After another strong performance against the Columbus Blue Jackets, Chicago Blackhawks forward Brandon Bollig has all but cemented his status as one-third of what is arguably the best fourth line in the NHL. Nearly all of Bollig’s seven goals have been of the timely variety, and he’s added seven assists as well. I have my qualms with the contract extension that the Blackhawks just handed him, but they are purely for salary cap reasons only. Bollig has earned every penny of the new deal, and his play is even more impressive when one takes a look at just how far he’s come.
The 2011-12 season was Bollig’s first in the NHL, and it perhaps could best be described as a “quiet disaster.” The former part of the description comes primarily from the fact that Bollig’s lack of ice time when he did make it into the lineup was very limited (six minutes per game). The second part, however, is a direct reference to the burly winger’s atrocious play in those six minutes per game; Bollig was too slow to be a consistent physical presence, had zero utility on the offensive end and didn’t seem to understand his defensive responsibilities as a winger.
2012-13 did not transpire any better. Bollig played in a higher percentage of Chicago’s games, but that is attributable to Joel Quenneville being a fan of his more than anything else. His impact while on the ice was still decidedly negative, and scores of Blackhawks fans were calling for him to be a permanent healthy scratch.
The ensuing summer, however, saw Bollig take a great leap forward. Parsing together various stories, it seems as if Bollig took it upon himself to become a legitimate NHL-level contributor during the offseason and adjusted his practice habits as such.

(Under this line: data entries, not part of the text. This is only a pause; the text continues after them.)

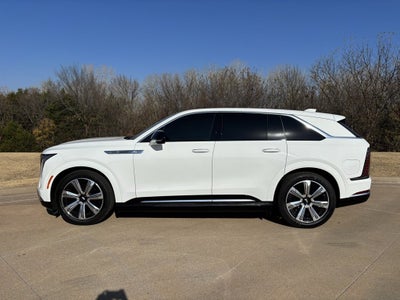 2025 Cadillac ESCALADE IQ Luxury 2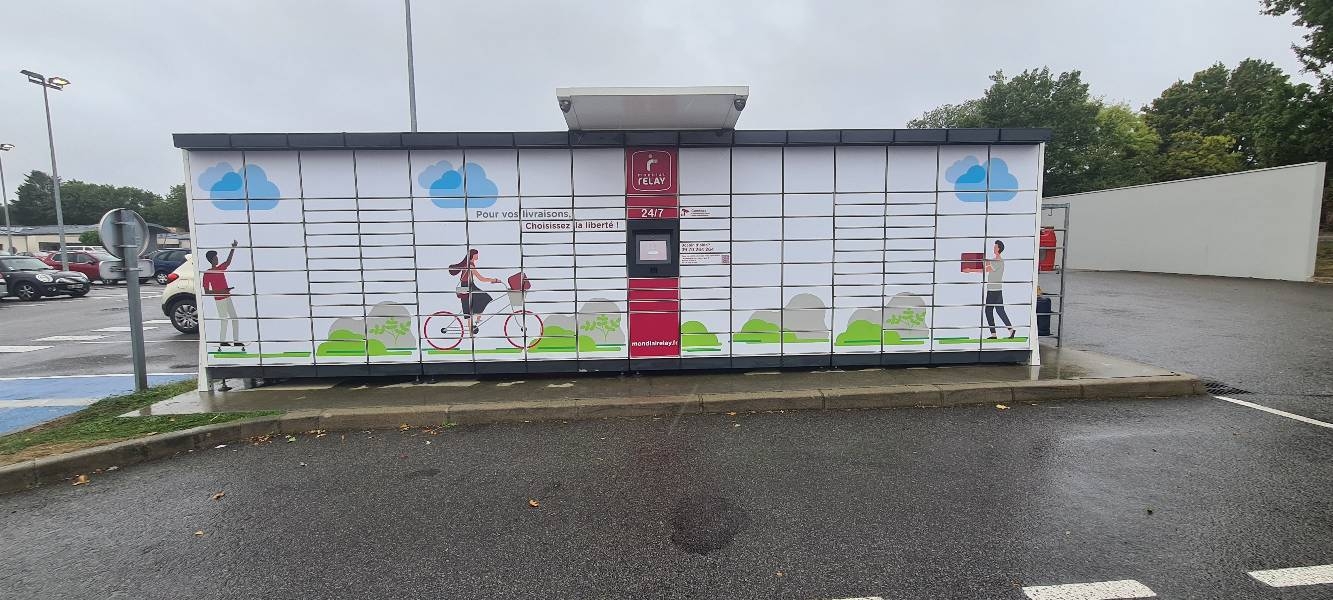 Locker 24/7 U Express St Pere en Retz, Rue du Prieuré, 44320 Saint-Père-en-Retz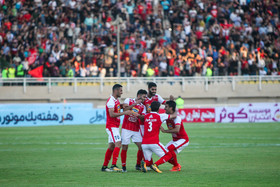 برد یک نیمه‌ای پرسپولیس مقابل صنعت نفت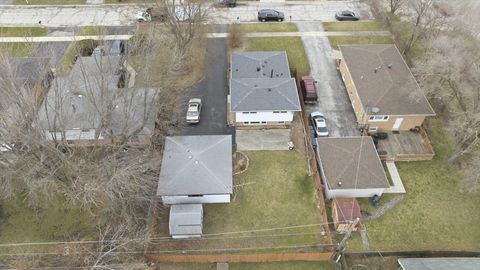 Tiny photo for 7705 W 80th Place, Bridgeview, IL 60455 (MLS # 12589160)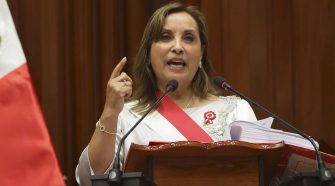 Dina Boluarte anunció la ejecución de proyectos para la región de Puno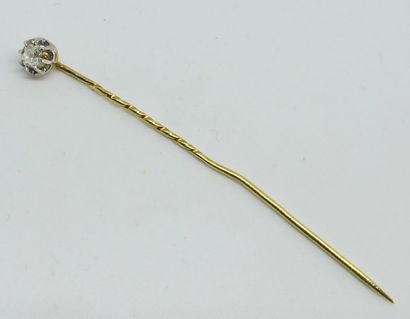 EPINGLE de cravate en or jaune ornée d'un...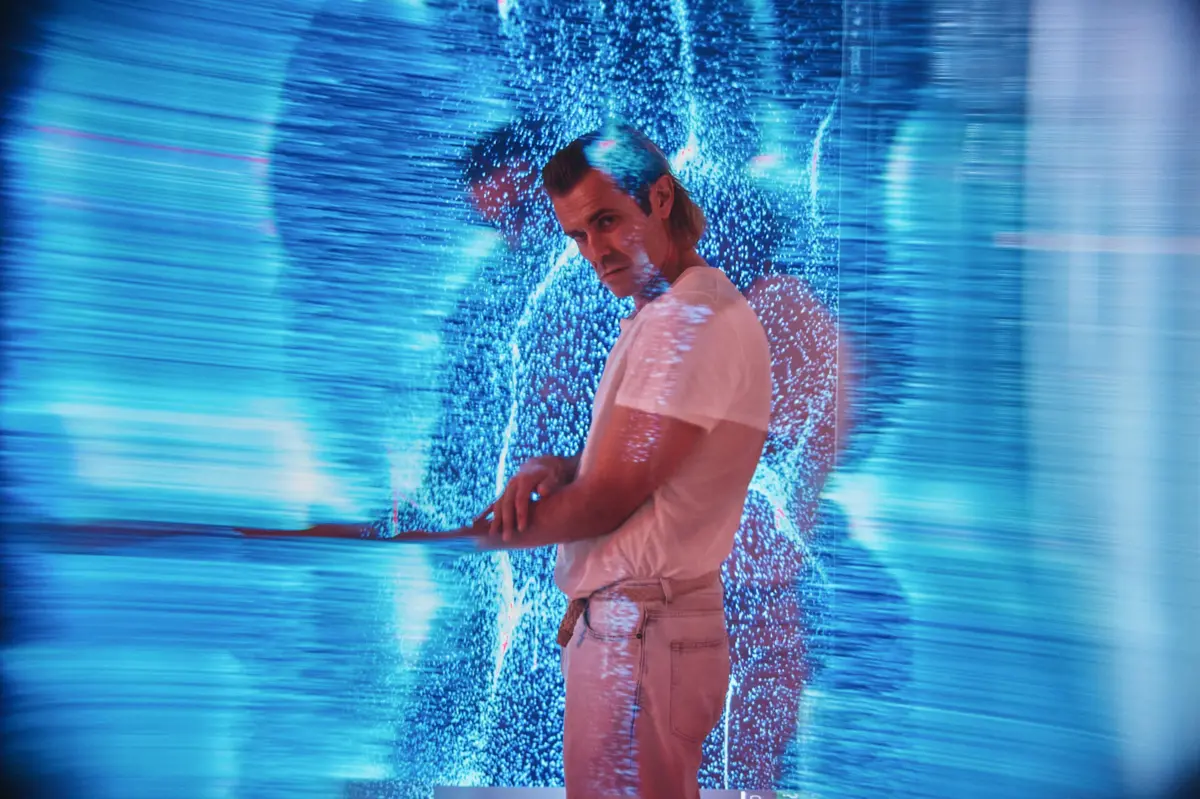 Entre diálogos reais e improvisados, Albano Jerónimo e AROA dissertam "sobre o toque, a consciência e o futuro da coexistência entre espécies"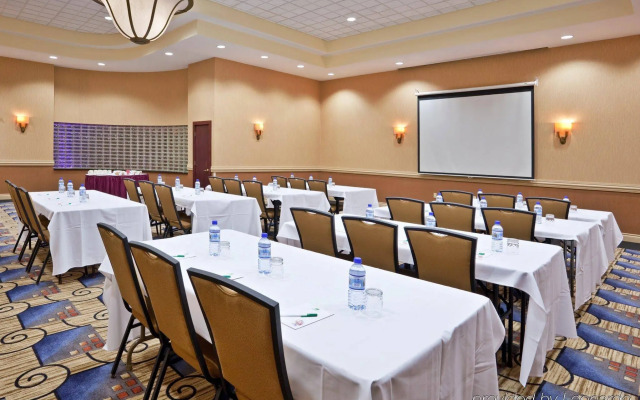 Delta Hotels by Marriott Detroit Novi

That is to say, he worked intensively on his puck handling, skating and positioning to protect the puck on the boards. My best guess would be that Bollig was a film rat over the summer as well — his improvement in both offensive and defensive zone positioning has been perhaps more striking than anything else.
Chicago now has yet another quality player on their hands. Bollig deserves props for making the commitment he has, and the organization deserves some as well for their patience. Many wanted him gone during past seasons — myself included — but he has proven us unmistakably wrong.